Petco in January sent e-mails containing top-rated products and customer-written reviews to its more than 1 million subscribers. In March, Petco plans to do an A/B split test by sending e-mails with product offers accompanied by customer reviews to half of its subscribers and product offers without reviews to the other half.
Though companies such as Amazon.com have featured customer-written product ratings and reviews for years, Petco is believed to be the first to test them in outbound e-mail campaigns.
“The idea was to leverage customer involvement in the Web site and use it as a marketing tool,” said John Lazarchic, vice president of e-commerce for San Diego-based Petco. “Most recent surveys say that customers are very interested in what other online shoppers have to say. They trust the voice of other customers more than they trust the retailer or the manufacturer.”
Petco toyed with the idea of adding customer reviews to its Web site for several years, but held off because of potential management headaches, such as having to screen all the reviews for inappropriate content, such as obscene material.
The company’s Web site late last year began featuring customer ratings and reviews using a recently launched service by outsourcer Bazaarvoice.
Companies using Bazaarvoice can customize the number of product attributes customers can rate. Petco, for example, asks reviewers to rate products from one to five paws under the categories “overall,” “pet satisfaction,” “appearance,” and “quality.”
Bazaarvoice charges a set-up fee plus a monthly service fee—starting at $2,000 a month for companies selling less than $10 million a year—negotiated on a page-view and order-volume basis, he said.
Petco’s e-mail test is part of an effort to demonstrate that product reviews drive conversion-to-sale rates high enough to justify the cost of the service.
It is also an effort to drive more multi-channel shopping because people who shop multiple channels spend more than those who shop through a single channel.
For example, a 2004 study of J.C. Penney’s customers commissioned by Abacus Direct found that triple-channel shoppers—those who bought online, from the catalog and in retail stores—spent an average of $887 a year and dual-channel shoppers spent an average of from $446 to $608 annually, depending on the combination of channels.
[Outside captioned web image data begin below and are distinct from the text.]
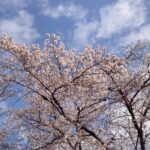 吉野桜は五分咲きだした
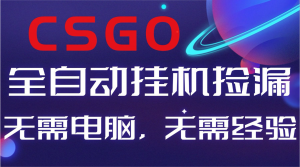 【副业好项目】全球火爆游戏CSGO自动捡漏，新手小白日入500+-网创资源站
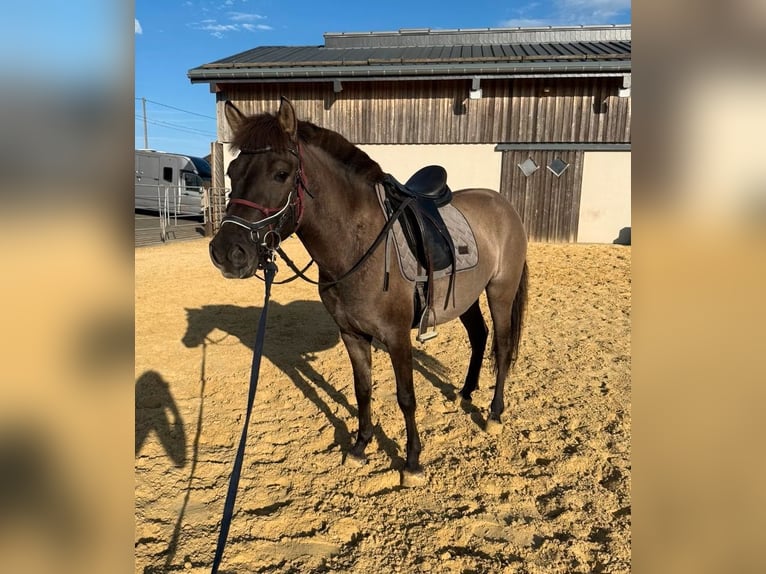 Meer ponys/kleine paarden Merrie 3 Jaar 143 cm Grullo in Daleiden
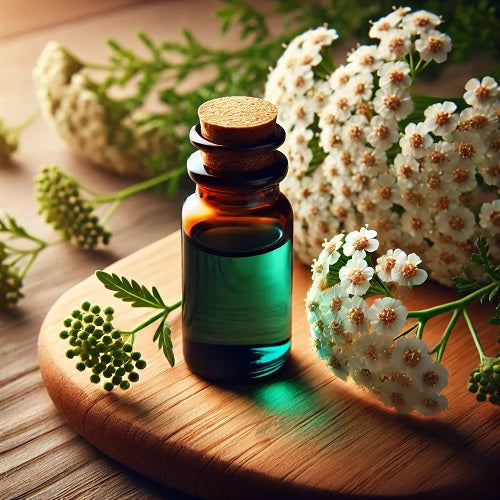Benefits Of Yarrow Essential Oil - Wholesale B2B Bulk Suppliers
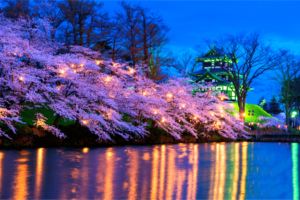 A nighttime view of cherry blossoms, a lake and Takada Castle in Niigata.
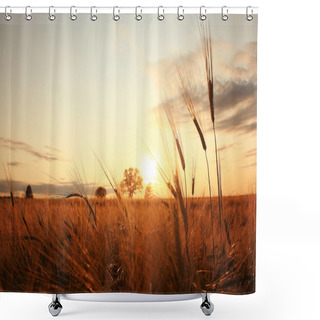 Personality  Sunset In  Wheat Field Shower Curtains
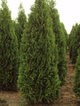 Thuja Tuja Żywotnik zachodni Fastigiata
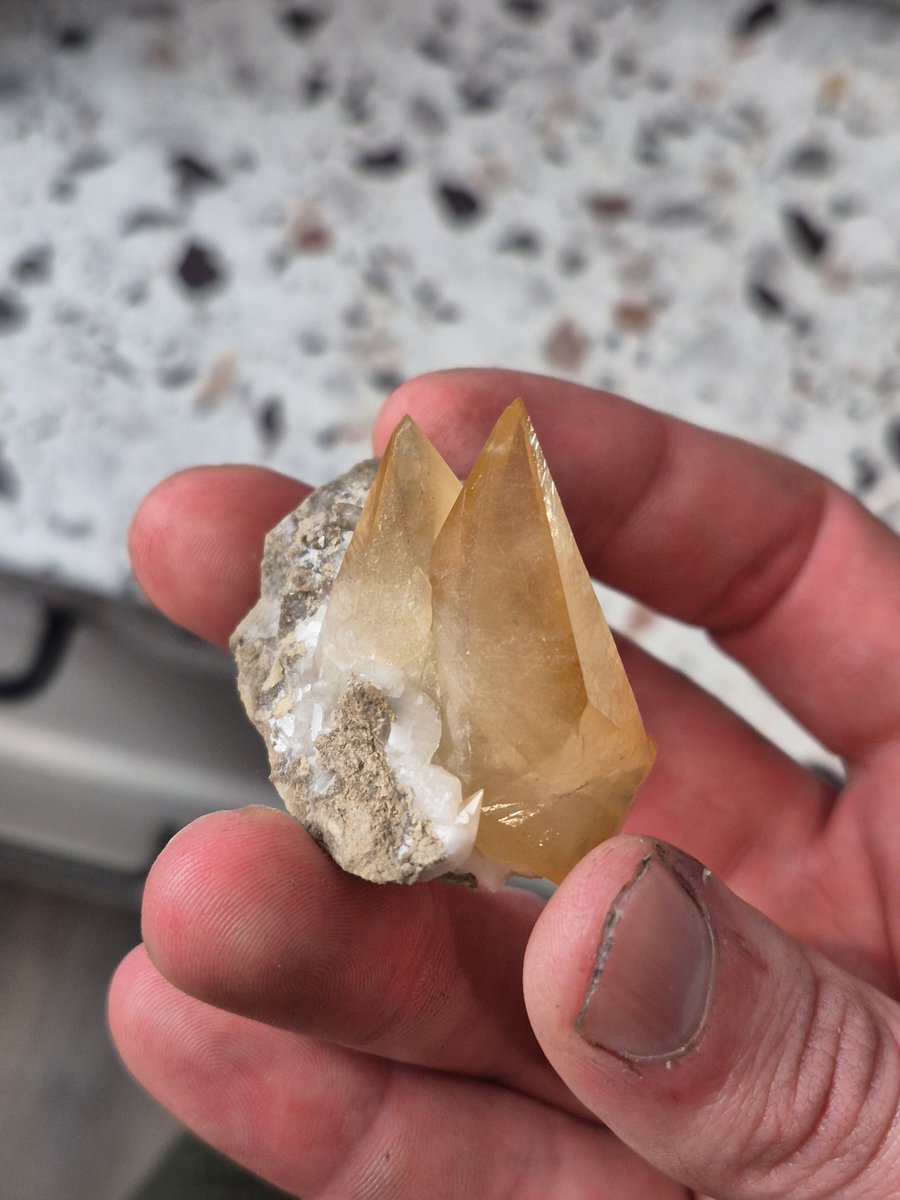 Rockhound R Us tweet media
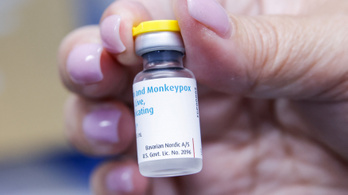 Heteken belül megérkezhet Magyarországra a majomhimlő elleni vakcina
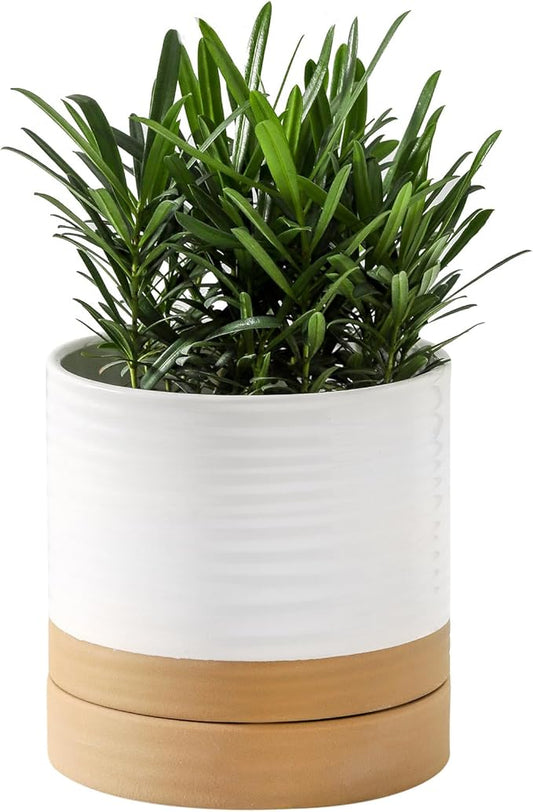 HASENSE Ceramic Plant Pots, 6 Inch Planters for Indoor Plants with Drainage Holes and Saucers, White Flower Pots for Succulent, Snake Plants, Cactus, Modern Decor Gift for Mom, 1 Pcs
In comparison, Internet only shoppers spent $157 annually; retail-only shoppers spent $195, and catalog-only shoppers spent $201.
A significant percentage of Petco’s e-mail addresses are collected through its loyalty card program in its retail stores. As a result, a large number of Petco’s e-mail subscribers are offline-only shoppers.
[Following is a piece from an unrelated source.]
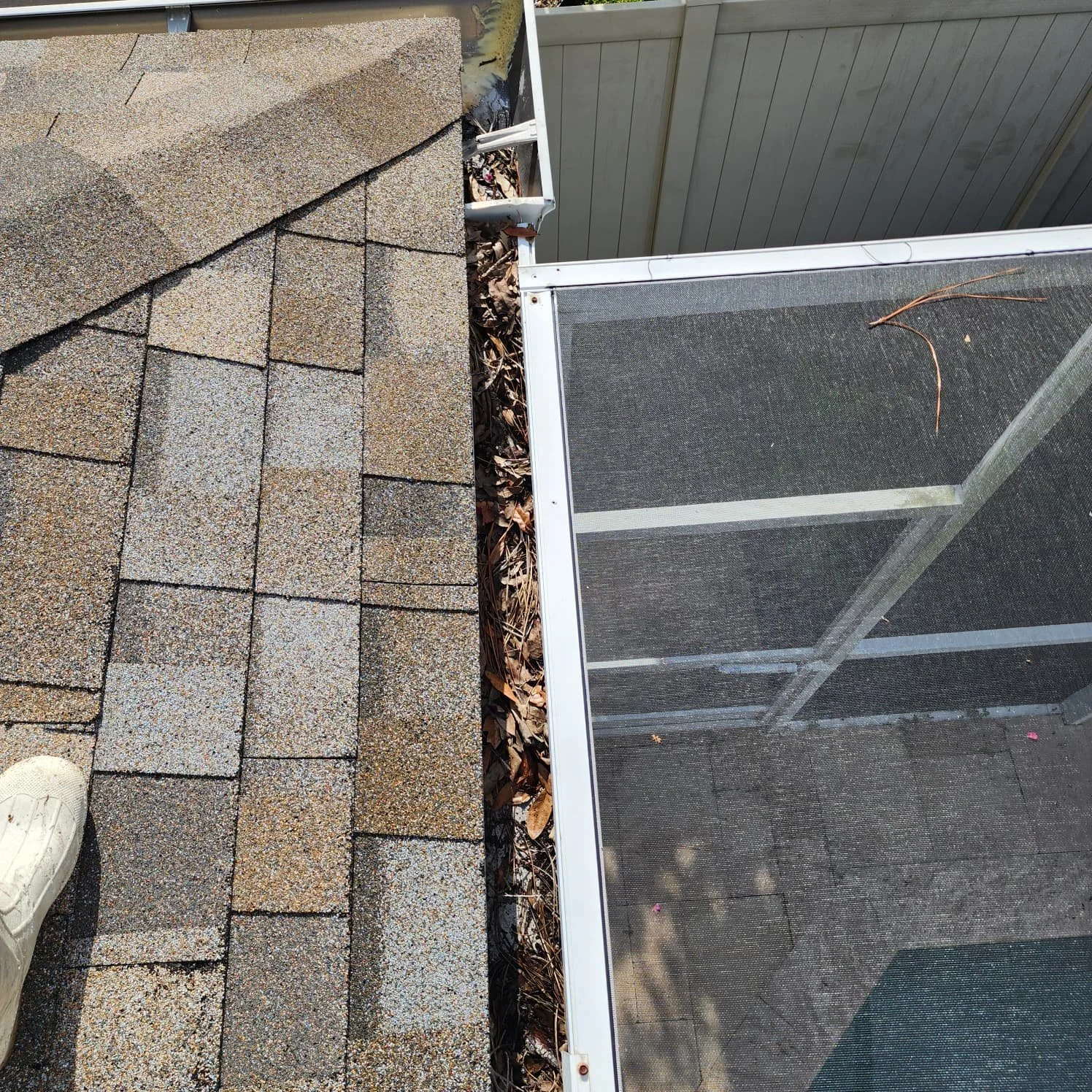 Old SE gutter cleaning before Jungle Nation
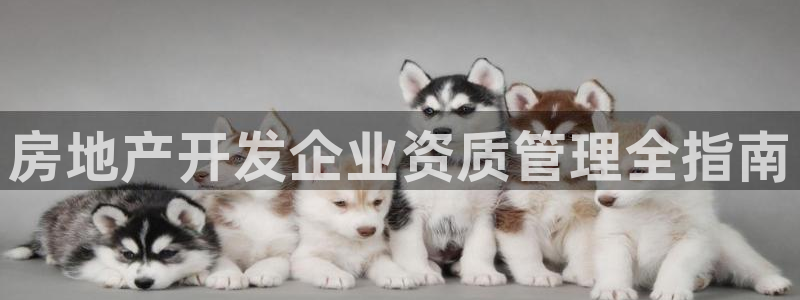 山东永利新材料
Lazarchic confirmed that Petco’s multichannel shoppers spend significantly more than its single-channel shoppers. He added that Petco’s e-mail subscribers who only shop retail spend more than those who only shop retail, but aren’t e-mail subscribers.
“We see value in just getting the e-mail into customers hands to keep Petco top of mind,” he said.
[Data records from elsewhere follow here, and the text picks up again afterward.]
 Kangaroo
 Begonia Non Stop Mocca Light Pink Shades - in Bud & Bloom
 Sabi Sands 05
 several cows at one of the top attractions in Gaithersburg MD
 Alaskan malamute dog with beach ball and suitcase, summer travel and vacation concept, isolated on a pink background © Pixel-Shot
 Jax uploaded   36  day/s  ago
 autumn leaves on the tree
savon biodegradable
Petco’s e-mail program also includes sending its online shoppers alerts to sales on products they have already bought.
“Because we’re in the consumable business, people buy the same pet products over and over,” said Lazarchic. “If you buy a bag of dog food from us, and that dog food goes on sale in our circular, we will e-mail you that it’s on sale. Our circular has 500 or 600 items in it, so I can’t e-mail you that entire thing, so what we try and do is target you with items we know you already buy or items that are on your wish list that are on sale.”
But Petco e-mails with product offers not based on customers’ past purchases don’t generally perform as well, he said.
“Historically, we know that if we just pick top-selling items and e-mail them to people, conversion isn’t that great,” he said. “It’s very hard to target in the pet space. You have to know a lot about that consumer.”
As a result, he said, when Petco isn’t sending e-mails based on customers’ purchase history, the company tends to promote categories of products.
However, including customer-written product reviews in outbound e-mail blasts not only may boost conversion rates, it will expand the customer-review program’s reach.
“People are really emotional about their pets and love to talk about them,” said Lazarchic. “We have a really intensive e-mail marketing program already. We thought it would be great to take some of the comments where they’re having great success with products and get them into the hands of people who don’t come to the Web site on a regular basis.”
Lazarchic declined to say how well the first test of including product reviews performed, but it apparently performed well enough that he isn’t abandoning the effort.